24. Mr. KHEMAKHEM (Tunisia) said, with reference to the non-inclusion in the code of conduct distributed to the police of the Basic Principles on the Independence of the Judiciary and the Guidelines on the Role of Prosecutors, that there were in Tunisia numerous channels whereby international instruments could be disseminated. In 1993, a new organ, the Centre for Legal and Judicial Studies, had been established within the Ministry of the Interior. It carried out a wide range of studies and research and helped to bring new international standards to the attention of law-enforcement officials, lawyers, jurists and other people working in the field of law. A work entitled "Justice in Tunisia" described a variety of international human rights instruments, including the United Nations rules for crime prevention and the treatment of prisoners, the Universal Declaration of Human Rights, the International Covenant on Civil and Political Rights, the Basic Principles on the Independence of the Judiciary, the Guidelines on the Role of Prosecutors and the Basic Principles on the Role of Lawyers. A new culture of justice and law was emerging in Tunisia. All categories of judicial officer had gradually to become accustomed to applying international instruments and United Nations standards that were new for Tunisia, including instruments such as the Convention against Torture, which, as had been said, were now law. Intensive efforts were being made to propagate the new culture and to apply the international rules. That was something really new for Tunisia.

25. The Centre for Legal and Judicial Studies intended to publish for the fiftieth anniversary of the Universal Declaration of Human Rights a compendium of articles on human rights and international standards and instruments. The Committee's wishes would be taken into account in compiling it.

26. The Committee had expressed concern at the duration of police custody and the hope that, in its efforts to promote human rights, the Government would reduce it. The Tunisian authorities would be informed of that hope. It should be borne in mind that it was a feature of the Government's policy of gradual improvement to avoid sudden changes that society would have trouble in absorbing. Four days was, indeed, quite a long period, especially given the possibility of extension, but it should be seen as a stage in a lengthy process.

27. The question had been asked when law-enforcement officials had to notify the judicial authorities that a person had been taken into police custody. It was true that there was no rule about that in the Code of Criminal Procedure. However, the officials in question worked closely with the Public Prosecutor, who had, by law, to be informed immediately of any offence and of the attendant circumstances and could not, therefore, be unaware of any instance of police custody.
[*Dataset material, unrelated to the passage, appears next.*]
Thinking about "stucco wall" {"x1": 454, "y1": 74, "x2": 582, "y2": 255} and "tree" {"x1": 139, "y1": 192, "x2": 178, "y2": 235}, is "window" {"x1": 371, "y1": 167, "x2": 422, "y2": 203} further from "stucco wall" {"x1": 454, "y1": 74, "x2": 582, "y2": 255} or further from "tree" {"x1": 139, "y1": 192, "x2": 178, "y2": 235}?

28. Mr. MORJANE (Tunisia) announced that Mr. Ben Cheikh would attempt to answer a question that had been raised about a report by the International Federation of Human Rights (FIDH), although his delegation had obviously not had time to study that document.
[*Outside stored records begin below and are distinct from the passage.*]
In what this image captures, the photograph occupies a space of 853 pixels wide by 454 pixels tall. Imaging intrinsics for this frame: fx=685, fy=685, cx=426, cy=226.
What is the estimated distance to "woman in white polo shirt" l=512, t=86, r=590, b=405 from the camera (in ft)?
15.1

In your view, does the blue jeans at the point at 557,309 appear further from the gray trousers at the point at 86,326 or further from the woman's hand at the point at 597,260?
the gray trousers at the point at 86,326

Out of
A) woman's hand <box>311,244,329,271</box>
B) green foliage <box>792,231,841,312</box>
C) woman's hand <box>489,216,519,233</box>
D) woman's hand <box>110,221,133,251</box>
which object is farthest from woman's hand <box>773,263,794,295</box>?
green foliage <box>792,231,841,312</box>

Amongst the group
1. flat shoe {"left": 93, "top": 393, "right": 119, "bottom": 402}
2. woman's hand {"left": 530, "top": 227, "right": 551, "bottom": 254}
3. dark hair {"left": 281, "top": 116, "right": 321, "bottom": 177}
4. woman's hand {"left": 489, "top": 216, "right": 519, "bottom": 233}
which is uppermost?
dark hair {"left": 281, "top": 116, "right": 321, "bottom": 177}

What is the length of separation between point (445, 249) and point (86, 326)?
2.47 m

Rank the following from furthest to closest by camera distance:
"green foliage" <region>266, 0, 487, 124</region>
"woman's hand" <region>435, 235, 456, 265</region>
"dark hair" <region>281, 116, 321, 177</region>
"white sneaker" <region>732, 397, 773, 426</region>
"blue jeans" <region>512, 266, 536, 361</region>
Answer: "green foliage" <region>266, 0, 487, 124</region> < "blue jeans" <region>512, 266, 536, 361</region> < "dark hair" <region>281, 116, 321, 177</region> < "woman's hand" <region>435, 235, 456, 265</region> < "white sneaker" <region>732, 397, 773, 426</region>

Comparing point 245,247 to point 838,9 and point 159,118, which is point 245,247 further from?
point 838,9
29. Mr. BEN CHEIKH (Tunisia) said that the commissions rogatory mentioned in the FIDH report were issued to law-enforcement officials by the examining judge when the latter was not personally able to question the suspect. The procedure was laid down in detail in the Penal Code: each law-enforcement official concerned was assigned a specific task and the examining judge continuously monitored performance so that there could be no question of a law-enforcement official exceeding his authority.

30. Mr. NAJI (Tunisia) said with regard to medical examination of detainees that article 13 bis of the Code of Criminal Procedure provided that such examination must be made when requested by a detainee or one of his relatives. The request could be made at any time and must be entered in the record.

31. The Code of Criminal Procedure said nothing about procedure for selecting the doctor, thereby implying that the requesters could suggest a doctor of their own choosing, in which event they would be liable for the costs incurred. Should they not suggest anyone, the authorities could select a hospital doctor.

32. Mr. CHERIF (Tunisia) pointed out that the making of a medical examination was not automatic, but contingent on a request. If such a request was refused, the detainee could, on the evidence of the record, bring an action against the official responsible for that breach of his rights, who would then be liable to disciplinary penalties and prosecution. Failure to enter a request in the record rendered the latter invalid and precluded its use in the proceedings, for the Penal Code provided that any document not drawn up according to the rules of procedure and law was void. In the past many records had in fact been declared void on the ground of unlawful preparation. In the final analysis, however, the best way of ensuring observance of the rights of detainees and of citizens in general was to propagate a culture of human rights among public servants; that was a lengthy task.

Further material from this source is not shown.